Except I couldn’t write anything about that until I’d formally informed my employers, landlord, lodger, friends, family, etc etc. Hence a quiet month on the site, the epic saga of my trip aside.
March
March was about getting myself organised for a one-way trip in excess of six thousand miles. I still don’t quite understand how I managed to make it, given how appallingly sloppy my preparations were.
I left what had frankly become an untenable job after the company had been taken over by astonishingly feckless hands. I told Sian, the best lodger in the history of co-habitation, that she’d have to find a new home. That was no fun at all.
And I told my landlord that he’d have to find a new tenant. Which he promptly did, in the shape of the one of the most irritating men I have ever met. The following weeks of planning and packing were interrupted almost daily by this idiot knocking on my door to ask the most trivial questions which were nothing at all to do with me, and everything to do with the landlord. Yes, my blood pressure was up a little by this point.
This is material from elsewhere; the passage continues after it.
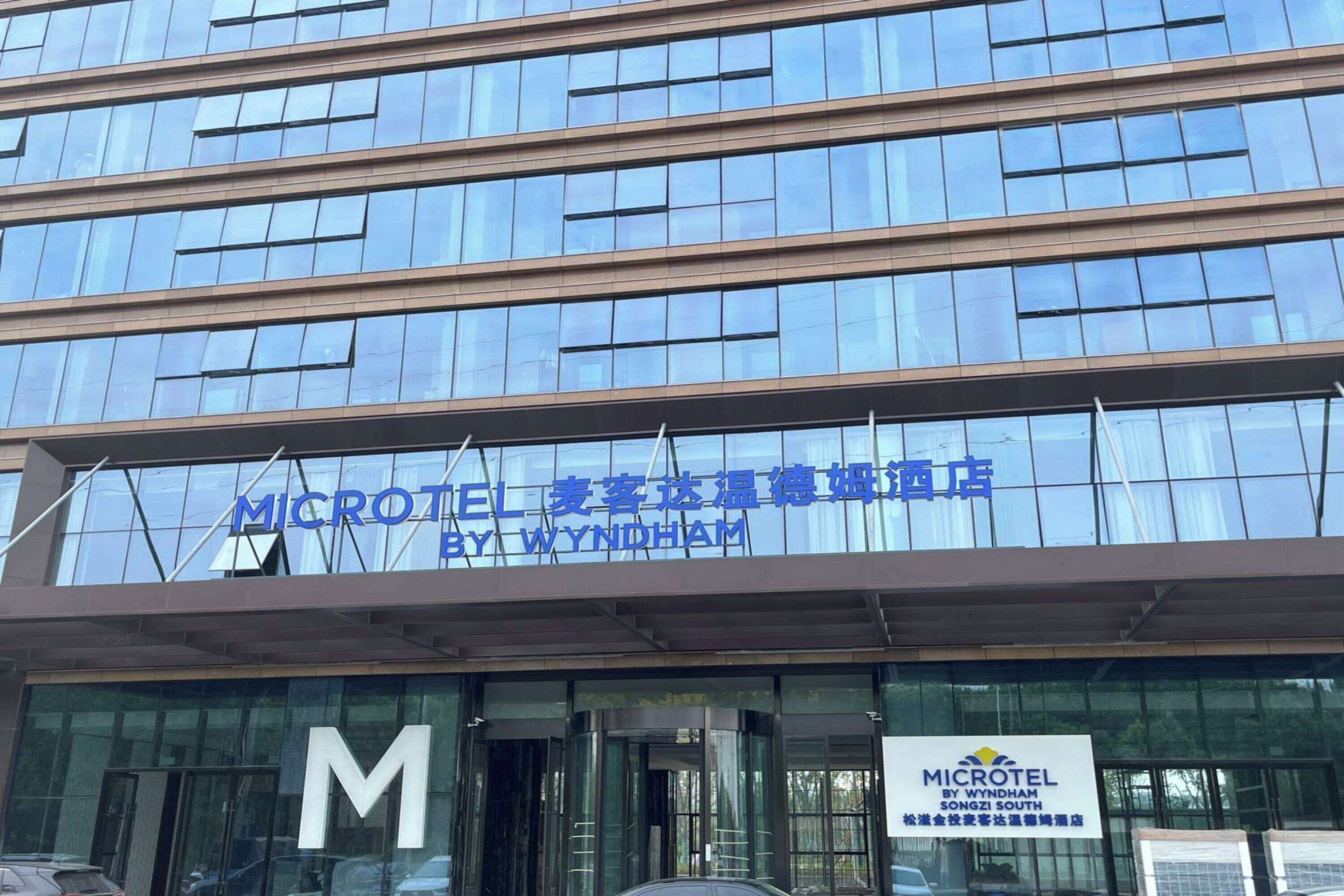 Un edificio moderno con un'ampia 'M' sulla facciata, che indica un hotel Microtel.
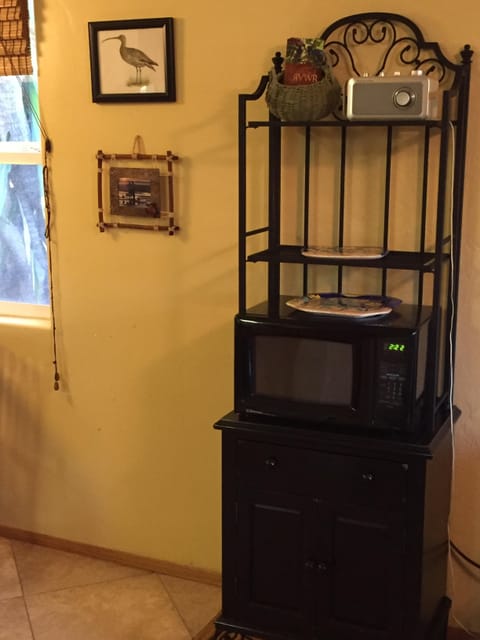 MIcrowave shelving unit. Stores for trays and extra items.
I still found time to release my first attempt at a Ma.gnolia plugin for Wordpress though.
April
Well the main event was my trip to Ireland for my mother’s wedding. I’d somehow been granted pay in lieu of notice from work, so had enough free time to sell everything I owned on eBay.
In reality, I shifted most of my CDs and DVDs, computer hardware and musical instruments, but the furniture and books had to be left behind. Sian was by now working in the post office, where I would trudge every few days with sackfulls of eBay goods. I really should have given her a commission on the sales.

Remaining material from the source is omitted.